_To do_:
From the records below, print only the part that opens with the line containing "b0ebd27157 AE2V20A 201P BMC" and closes with the line containing "loewe店西班牙马德里 马德里loewe旗舰店 loewe店西班牙马德里"; omit the pictures.

_Excerpted data_:

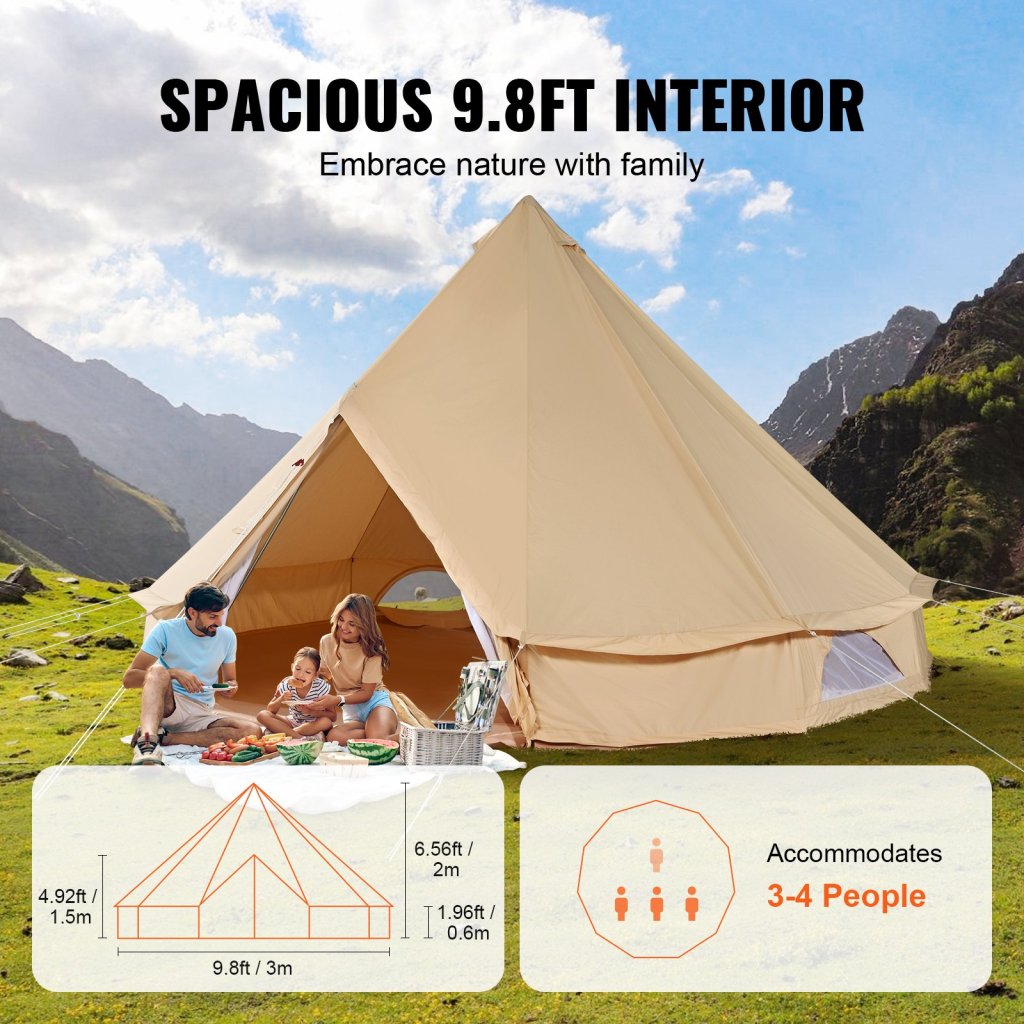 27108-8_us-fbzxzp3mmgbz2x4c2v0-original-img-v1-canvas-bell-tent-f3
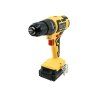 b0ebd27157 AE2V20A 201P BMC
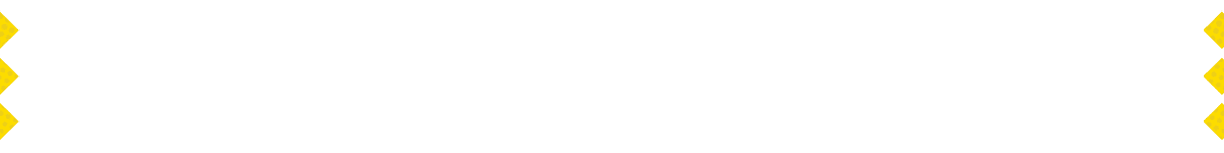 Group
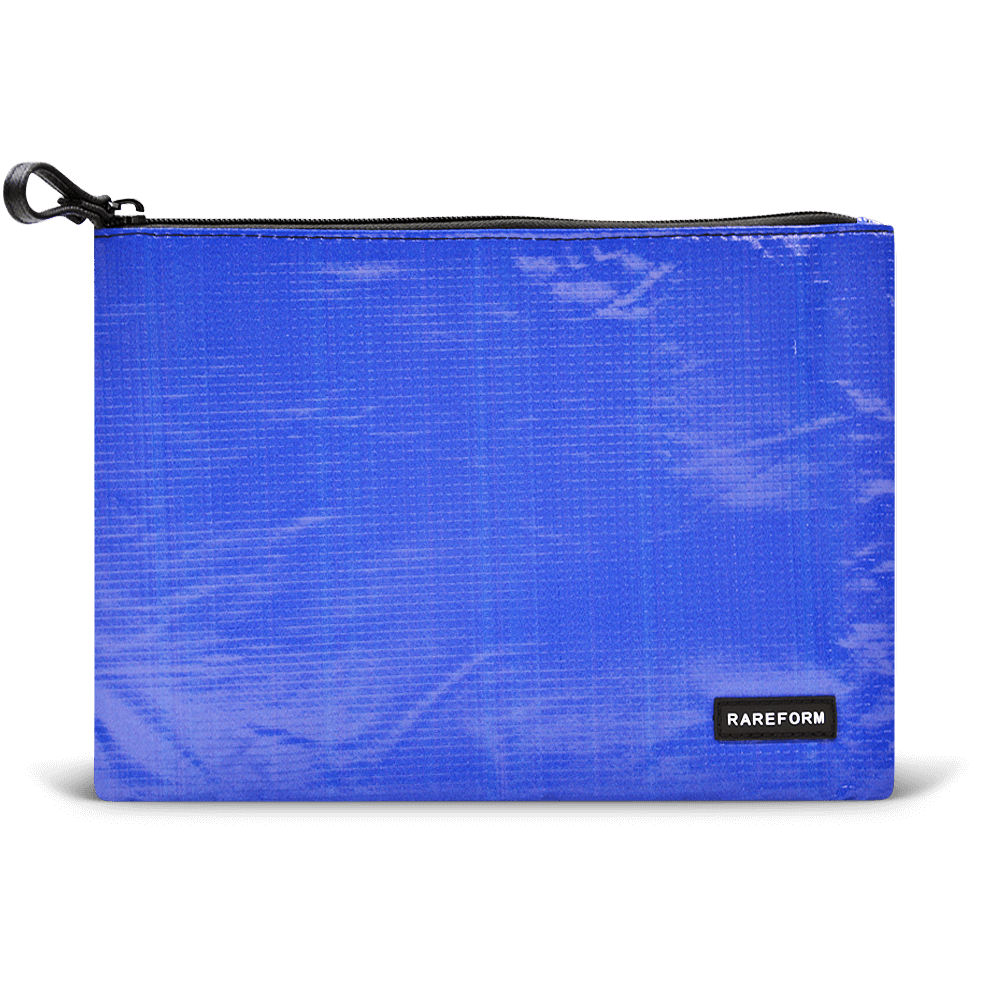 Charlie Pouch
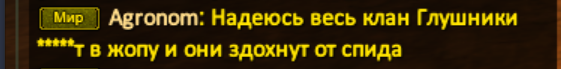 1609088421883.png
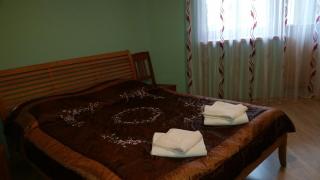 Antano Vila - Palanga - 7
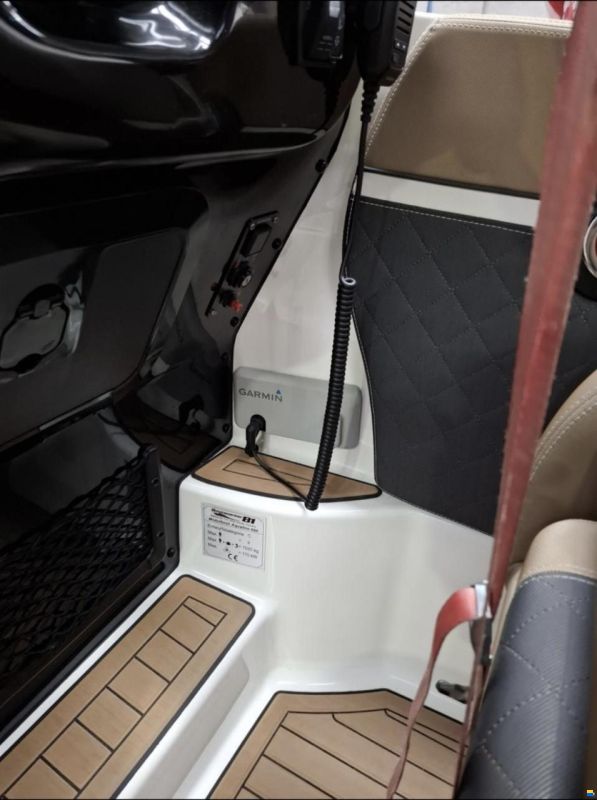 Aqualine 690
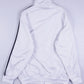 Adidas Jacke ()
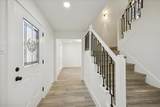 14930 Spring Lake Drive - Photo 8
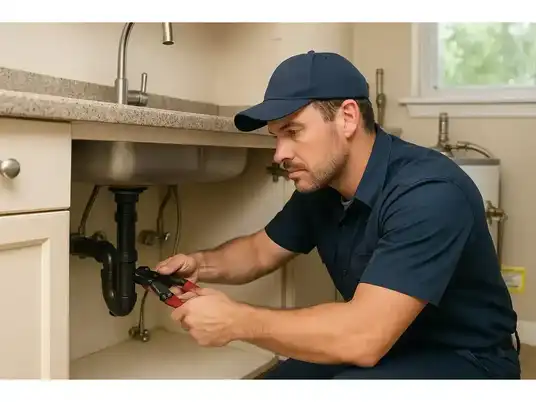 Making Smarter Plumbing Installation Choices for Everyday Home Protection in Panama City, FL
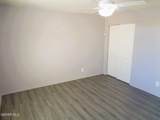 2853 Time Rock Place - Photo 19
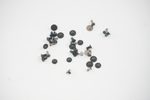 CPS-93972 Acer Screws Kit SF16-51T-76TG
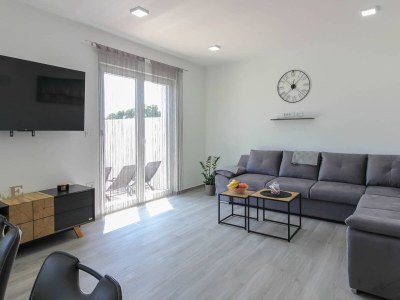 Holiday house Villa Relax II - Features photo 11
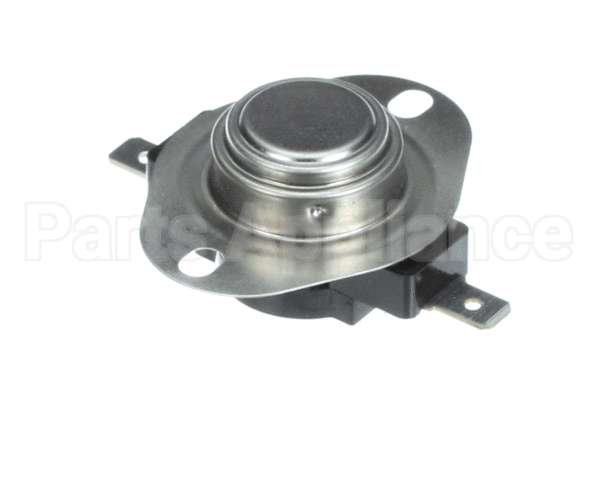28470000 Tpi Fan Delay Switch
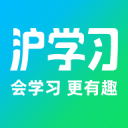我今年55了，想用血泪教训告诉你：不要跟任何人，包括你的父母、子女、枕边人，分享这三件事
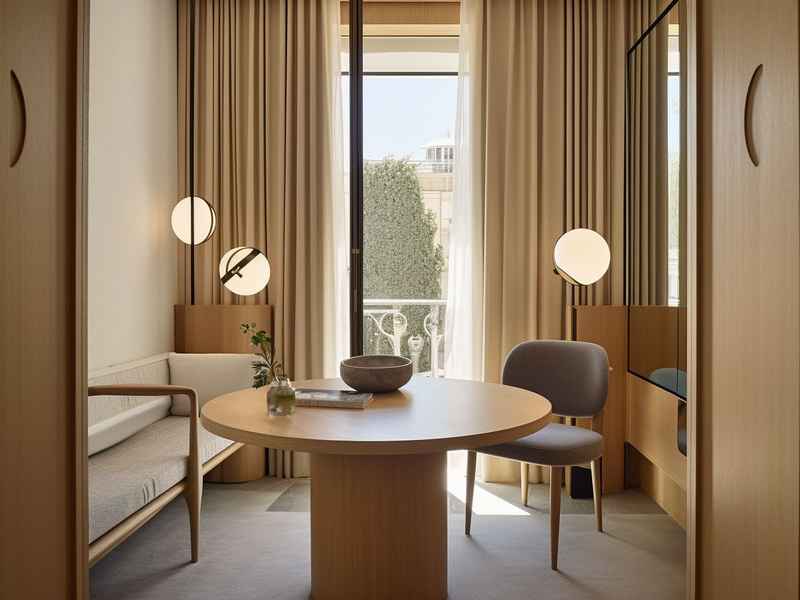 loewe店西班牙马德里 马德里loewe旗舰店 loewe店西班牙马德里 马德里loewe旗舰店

==

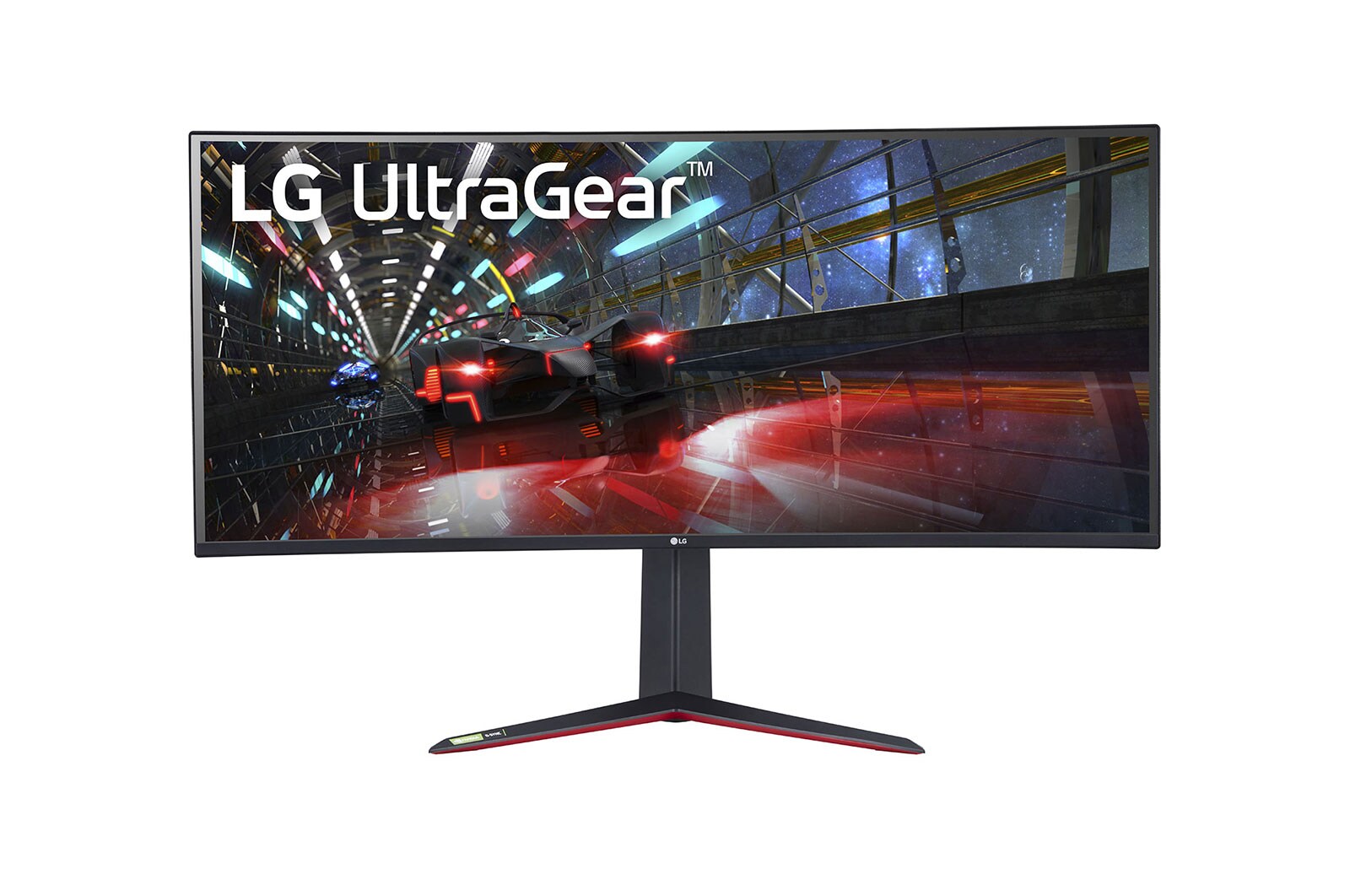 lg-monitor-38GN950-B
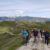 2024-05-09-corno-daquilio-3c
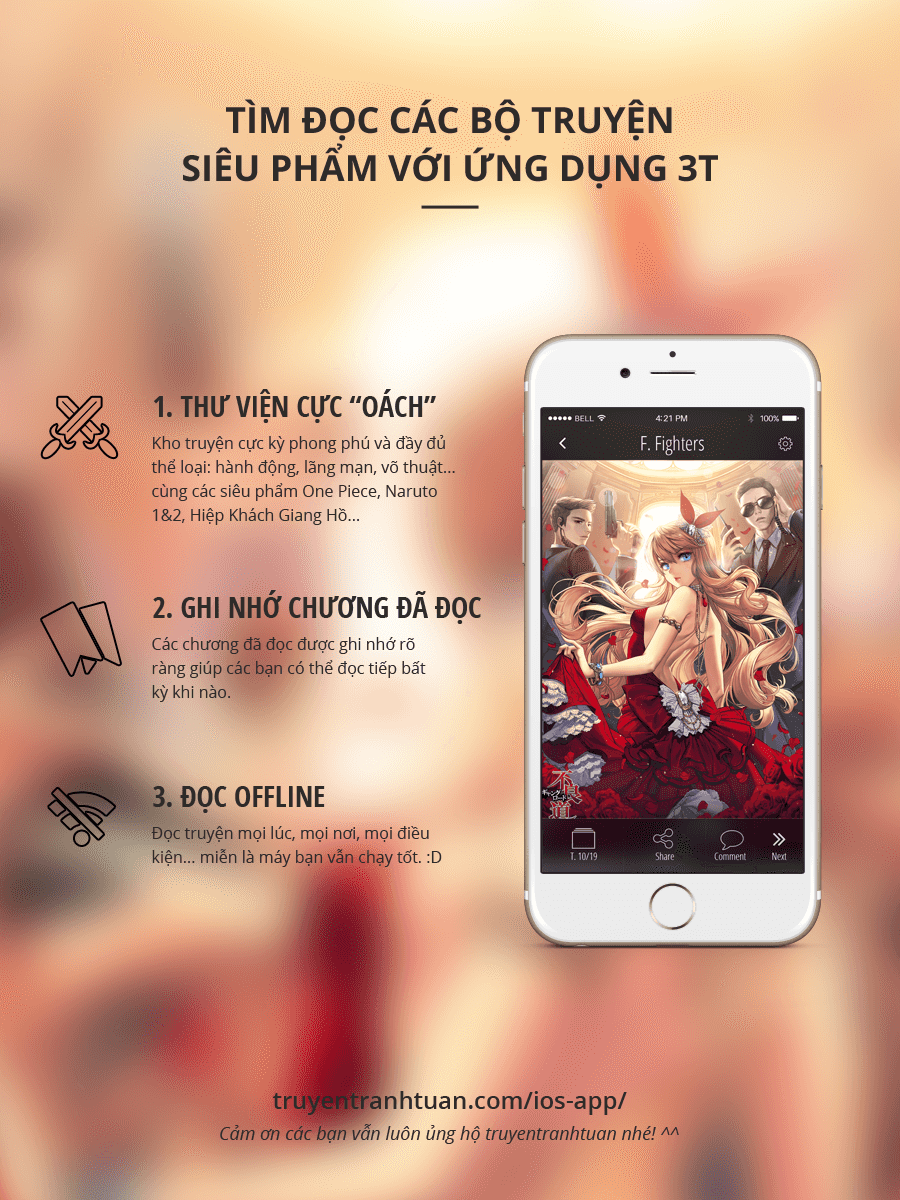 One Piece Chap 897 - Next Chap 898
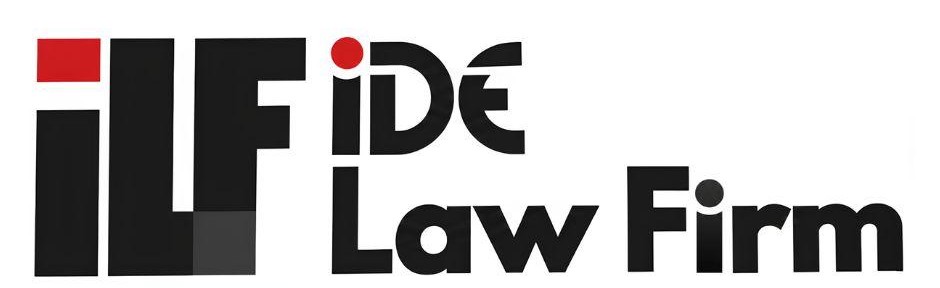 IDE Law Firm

_Answer to this exercise_:
 b0ebd27157 AE2V20A 201P BMC
 Group
 Charlie Pouch
 1609088421883.png
 Antano Vila - Palanga - 7
 Aqualine 690
 Adidas Jacke ()
 14930 Spring Lake Drive - Photo 8
 Making Smarter Plumbing Installation Choices for Everyday Home Protection in Panama City, FL
 2853 Time Rock Place - Photo 19
 CPS-93972 Acer Screws Kit SF16-51T-76TG
 Holiday house Villa Relax II - Features photo 11
28470000 Tpi Fan Delay Switch
我今年55了，想用血泪教训告诉你：不要跟任何人，包括你的父母、子女、枕边人，分享这三件事
 loewe店西班牙马德里 马德里loewe旗舰店 loewe店西班牙马德里 马德里loewe旗舰店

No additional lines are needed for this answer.